____ Given entries
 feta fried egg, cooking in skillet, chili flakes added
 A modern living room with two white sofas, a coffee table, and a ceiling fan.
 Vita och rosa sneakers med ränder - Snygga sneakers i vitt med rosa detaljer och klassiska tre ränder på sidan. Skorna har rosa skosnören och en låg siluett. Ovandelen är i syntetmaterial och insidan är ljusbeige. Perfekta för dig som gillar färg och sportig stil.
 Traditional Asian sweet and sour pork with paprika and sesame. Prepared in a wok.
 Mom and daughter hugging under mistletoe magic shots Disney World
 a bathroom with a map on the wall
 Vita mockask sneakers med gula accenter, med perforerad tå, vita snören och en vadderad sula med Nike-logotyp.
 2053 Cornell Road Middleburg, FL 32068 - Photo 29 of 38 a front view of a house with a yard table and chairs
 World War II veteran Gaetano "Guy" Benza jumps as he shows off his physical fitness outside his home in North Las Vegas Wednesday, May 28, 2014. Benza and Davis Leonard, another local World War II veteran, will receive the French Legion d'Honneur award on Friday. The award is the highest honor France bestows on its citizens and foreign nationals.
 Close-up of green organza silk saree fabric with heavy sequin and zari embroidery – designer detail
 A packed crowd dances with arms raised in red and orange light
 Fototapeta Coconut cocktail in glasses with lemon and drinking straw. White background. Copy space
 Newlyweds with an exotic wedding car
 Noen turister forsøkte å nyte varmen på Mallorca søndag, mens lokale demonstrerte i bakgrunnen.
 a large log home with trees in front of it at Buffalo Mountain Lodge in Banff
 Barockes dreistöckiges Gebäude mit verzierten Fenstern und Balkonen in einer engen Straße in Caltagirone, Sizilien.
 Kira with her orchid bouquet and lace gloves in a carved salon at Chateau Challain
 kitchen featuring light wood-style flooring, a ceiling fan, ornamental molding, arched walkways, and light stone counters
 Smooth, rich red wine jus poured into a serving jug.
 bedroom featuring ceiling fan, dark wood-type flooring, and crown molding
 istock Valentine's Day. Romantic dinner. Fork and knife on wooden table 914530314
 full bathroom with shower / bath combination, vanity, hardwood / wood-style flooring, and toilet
________
▶ Problem to solve:
Copy the lines above exactly. Start with the line containing "Kira with her", end with the line containing "bedroom featuring ceiling", and include both.

▶ Solution to this task:
 Kira with her orchid bouquet and lace gloves in a carved salon at Chateau Challain
 kitchen featuring light wood-style flooring, a ceiling fan, ornamental molding, arched walkways, and light stone counters
 Smooth, rich red wine jus poured into a serving jug.
 bedroom featuring ceiling fan, dark wood-type flooring, and crown molding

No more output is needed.